2.5.2 Activation function

In the output layer, identity function φ(x) = x was used as activation function. In hidden layers, three kinds of non-linear function were used as shown in the following equations and Fig. 2(b):

\begin{equation} \varphi(x) = \frac{1}{1 + e^{-x}}, \end{equation}

(8)

\begin{equation} \varphi(x) = \tanh(x) = \frac{e^{x} - e^{-x}}{e^{x} + e^{-x}}, \end{equation}

(9)

\begin{equation} \phi(x) = \max(0,x). \end{equation}

(10)

Equation (8) represents sigmoid function. It was commonly used early in neural network research because it is simple and easy to differentiate. Equation (9) is a hyperbolic tangent. Glorot and Bordes²²⁾ showed that the hyperbolic tangent is more suitable for neural network than the sigmoid function. Equation (14) is a ramp function. In neural network research, this function is called as “Rectified Linear Unit” or “ReLU.” Glorot and Bengio²³⁾ showed that ReLU is better than the hyperbolic tangent. LeCun et al.²⁴⁾ reported that ReLU is the best activation function as of May 2015.

2.5.3 Data normalization

When using sigmoid function or hyperbolic tangent as the activation function, output value converges to ±1 or 0 as the input value moves far from zero. It means that the significance of input variable is almost eliminated. To solve this problem, the input and output variables should be normalized. In this research, three methods of normalization were examined. The first normalization method (hereinafter called “n1”) is to normalize so that the average becomes zero and the variance becomes one as follows:

\begin{equation} x'{}_{i} = \frac{x_{i} - \bar{x}}{\sigma}, \end{equation}

(11)

where x′_i is the normalized variable, $\bar{x}$ is the mean value and s is standard deviation. LeCun et al.²⁵⁾ suggested that this method was the best for neural network. The second and third method (hereinafter called “n2” and “n3”) are to normalize so that the range of x′_i becomes [0, 1] and [0.1, 0.9], respectively:

\begin{equation} x'{}_{i} = \frac{x_{i} - x_{\text{min}}}{x_{\text{max}} - x_{\text{min}}}, \end{equation}

(12)

\begin{equation} x'{}_{i} = 0.1 + (0.9\text{-}0.1) \times \frac{x_{i} - x_{\text{min}}}{x_{\text{max}} - x_{\text{min}}}, \end{equation}

(13)

where x_max and x_min are maximum and minimum value of each explanatory variable. Sobhani et al.²⁶⁾ used eq. (13) for the neural network model.

2.5.4 Training algorithm

Training of neural network is to properly set weights and biases. The backpropagation algorithm is one of the most common training methods. At the beginning of training process, random values are assigned to weights and biases. The output value is calculated by using these initial weights and biases. Comparing the output value with experimental value, the bias of the output layer and the weight from the hidden layer are updated. Then, comparing the value of the hidden unit with the previous value, the bias of the hidden layer and the weight from the former layer are updated. In a similar manner, all weights and biases are updated. One cycle that updates weights and thresholds in all layers is called one epoch. Thus, the error in the output layer propagates to the input layer through the network, and hence this method is called as backpropagation.

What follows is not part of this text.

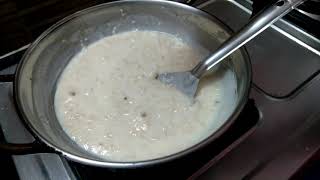 Milk oats recipe in tamil [upl. by Kinsler]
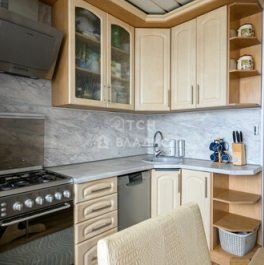 Продажа 2-комн квартиры на вторичном рынке Ивантеевка г, Заводская ул,  д. 10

The goal of the backpropagation is to minimize the error. In general, the error is the sum of squared errors between the predicted value and the actual value. To minimize the sum of squares, many algorithms have been proposed. The gradient descent method and the Gauss-Newton method are popular algorithm to solve this problem. The gradient descent method requires a long time to converge and the Gauss-Newton method converges quickly but can give inaccurate results. Consequently, the Levenberg-Marquardt (LM) method²⁷⁾ which is a combination of the gradient descent method and the Gauss-Newton method was adopted. Training was stopped when either the average error on the training datasets was less than a preset value, Marquardt parameter exceeded 1.0 × 10¹⁰, or the number of epochs exceeded 5000. The dataset was randomly divided into 70% for training, 15% for validation and 15% for testing when using LM method.

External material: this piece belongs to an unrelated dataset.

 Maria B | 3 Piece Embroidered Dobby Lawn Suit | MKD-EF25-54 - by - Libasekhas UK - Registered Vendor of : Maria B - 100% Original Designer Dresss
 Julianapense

To prevent over-fitting, Bayesian framework has been proposed for the training in neural network.²⁸⁾ In the framework, the goal of training is to minimize the function E(w) shown below, instead of sum squared error,

\begin{equation} E(\mathbf{w}) = \beta E_{D}(\mathbf{w}) + \alpha E_{w}(\mathbf{w}), \end{equation}

(14)

\begin{equation} E_{D}(\mathbf{w}) = \frac{1}{2}\sum_{k=1}^{n}(y_{k} - o_{k})^{2}, \end{equation}

(15)

\begin{equation} E_{w}(\mathbf{w}) = \frac{1}{2}\sum_{i}w_{i}{}^{2}, \end{equation}

(16)

where y_k is predicted value, o_k is observed value (actual value), w is vector of weights and biases. E_D(w) is an error function similar to the total squared error in LM method. E_w(w) is called a penalty term, which encourages to lower the weights and suppresses over learning. The calculation was performed based on LM method. The coefficients α and β are hyper parameters to control the complexity of model. If β is too large, the degree of freedom of the model becomes large and over-fitting occurs. Conversely, if α is too large, the weights and biases are not fitted to the data. To address this problem, the two parameters were statistically determined by Bayes’ theorem.²⁹⁾ The Bayes’ theorem is represented as follows:

\begin{equation} p(\mathbf{w},\mathbf{D}) = p(\mathbf{w}|\mathbf{D})p(\mathbf{D}) = p(\mathbf{D}|\mathbf{w})p(\mathbf{w}), \end{equation}

(17)

where D is data set. When w is the most probable, p(w|D) becomes maximum. p(w|D) is in proportion to two probabilities:

\begin{equation} p(\mathbf{w}|\mathbf{D}) \propto p(\mathbf{D}|\mathbf{w})p(\mathbf{w}). \end{equation}

(18)

Assuming that these two probabilities are normal distributions,

\begin{align} p(\mathbf{D}|\mathbf{w}) &= \prod_{k=1}^{n}p(o_{k}|x_{k},\mathbf{w})\\ &= \frac{1}{Z_{D}}\exp\left\{-\frac{1}{2\sigma_{v}{}^{2}}\sum_{k = 1}^{n}(y_{k} - o_{k})^{2}\right\},\\ &= \frac{1}{Z_{D}}\exp\left(-\frac{1}{\sigma_{v}{}^{2}}E_{D}\right) \end{align}

(19)

\begin{align} p(\mathbf{w}) &= \frac{1}{Z_{w}}\exp\left(-\frac{1}{2\sigma_{w}{}^{2}}\|\mathbf{w}\|^{2}\right) \\ &= \frac{1}{Z_{w}}\exp\left(-\frac{1}{\sigma_{w}{}^{2}}E_{w}\right), \end{align}

(20)

\begin{equation} p(\mathbf{w}|\mathbf{D}) \propto \frac{1}{Z_{D}Z_{w}}\exp \left\{-\left(\frac{1}{\sigma_{v}{}^{2}}E_{D} + \frac{1}{\sigma_{w}{}^{2}}E_{w}\right)\right\}, \end{equation}

(21)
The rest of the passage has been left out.